I get a strange error when running the Tukey test. I hope somebody is able to help me with this as I tried a lot. This is my dataframe:
Name Score
1 A 2.29
2 B 2.19
This is my Tukey Test code:
#TUKEY HSD TEST
tukey = pairwise_tukeyhsd(endog=df['Score'].astype('float'),
groups=df['Name'],
alpha=0.05)
tukey.plot_simultaneous()
plt.vlines(x=49.57,ymin=-0.5,ymax=4.5, color="red")
tukey.summary()
This is the error:
<ipython-input-12-3e12e78a002f> in <module>()
2 tukey = pairwise_tukeyhsd(endog=df['Score'].astype('float'),
3 groups=df['Name'],
----> 4 alpha=0.05)
5
6 tukey.plot_simultaneous()
/usr/local/lib/python3.6/dist-packages/statsmodels/stats/multicomp.py in pairwise_tukeyhsd(endog, groups, alpha)
36 '''
37
---> 38 return MultiComparison(endog, groups).tukeyhsd(alpha=alpha)
/usr/local/lib/python3.6/dist-packages/statsmodels/sandbox/stats/multicomp.py in __init__(self, data, groups, group_order)
794 if group_order is None:
795 self.groupsunique, self.groupintlab = np.unique(groups,
--> 796 return_inverse=True)
797 else:
798 #check if group_order has any names not in groups
/usr/local/lib/python3.6/dist-packages/numpy/lib/arraysetops.py in unique(ar, return_index, return_inverse, return_counts, axis)
221 ar = np.asanyarray(ar)
222 if axis is None:
--> 223 return _unique1d(ar, return_index, return_inverse, return_counts)
224 if not (-ar.ndim <= axis < ar.ndim):
225 raise ValueError('Invalid axis kwarg specified for unique')
/usr/local/lib/python3.6/dist-packages/numpy/lib/arraysetops.py in _unique1d(ar, return_index, return_inverse, return_counts)
278
279 if optional_indices:
--> 280 perm = ar.argsort(kind='mergesort' if return_index else 'quicksort')
281 aux = ar[perm]
282 else:
**TypeError: '<' not supported between instances of 'float' and 'str'**
How can this error be resolved? Thanks in advance!
You have the problem because df['Name']
contains both floats and strings AND df['Name']

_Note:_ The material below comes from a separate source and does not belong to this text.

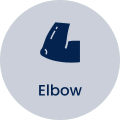 Icon of an elbow with 'Elbow' text on a light blue background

is of type pandas.core.series.Series
. This combination leads to an error with numpy.unique()
as seen from traceback. You can fix the problem with 2 ways.
tukey = pairwise_tukeyhsd(endog=df['Score'].astype('float'),
groups=list(df['Name']), # list instead of a Series
alpha=0.05)
OR
Make sure df['Name']
contains only numbers or only strings.